• Task details: In the records that follow, the lines from the one containing "3 Discos Corte Hierro 230mm SG-ELASTIC" to the one containing "Кухонный набор (7 предметов) А-Плюс 1402", inclusive, are to be given again exactly.

• Supplied data:
○ ○ ○ ○

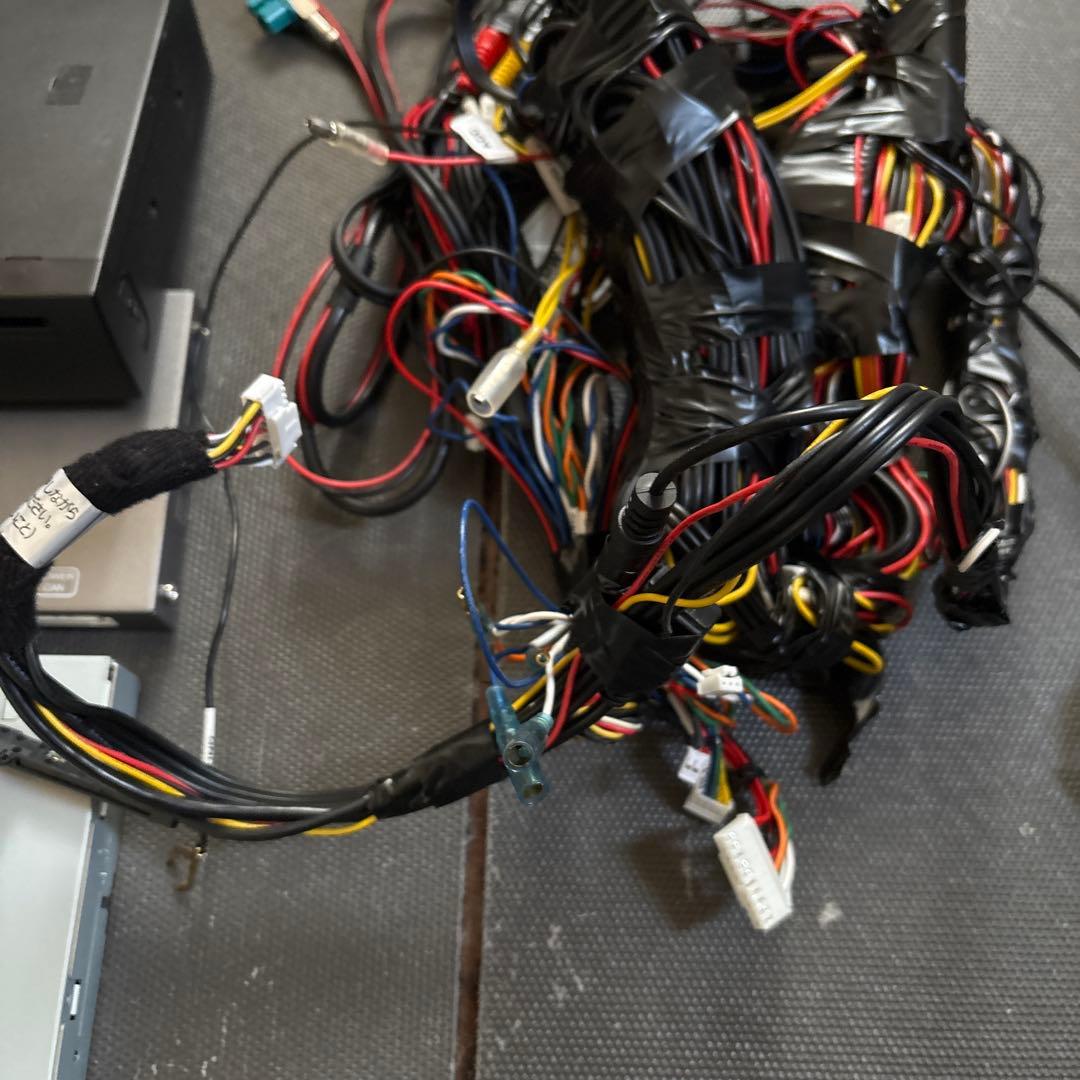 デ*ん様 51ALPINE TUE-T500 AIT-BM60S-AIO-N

○ ○ ○ ○

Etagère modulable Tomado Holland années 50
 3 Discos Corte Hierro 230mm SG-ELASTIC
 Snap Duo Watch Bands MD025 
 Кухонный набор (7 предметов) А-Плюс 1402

○ ○ ○ ○

• Result of this task:
 3 Discos Corte Hierro 230mm SG-ELASTIC
 Snap Duo Watch Bands MD025 
 Кухонный набор (7 предметов) А-Плюс 1402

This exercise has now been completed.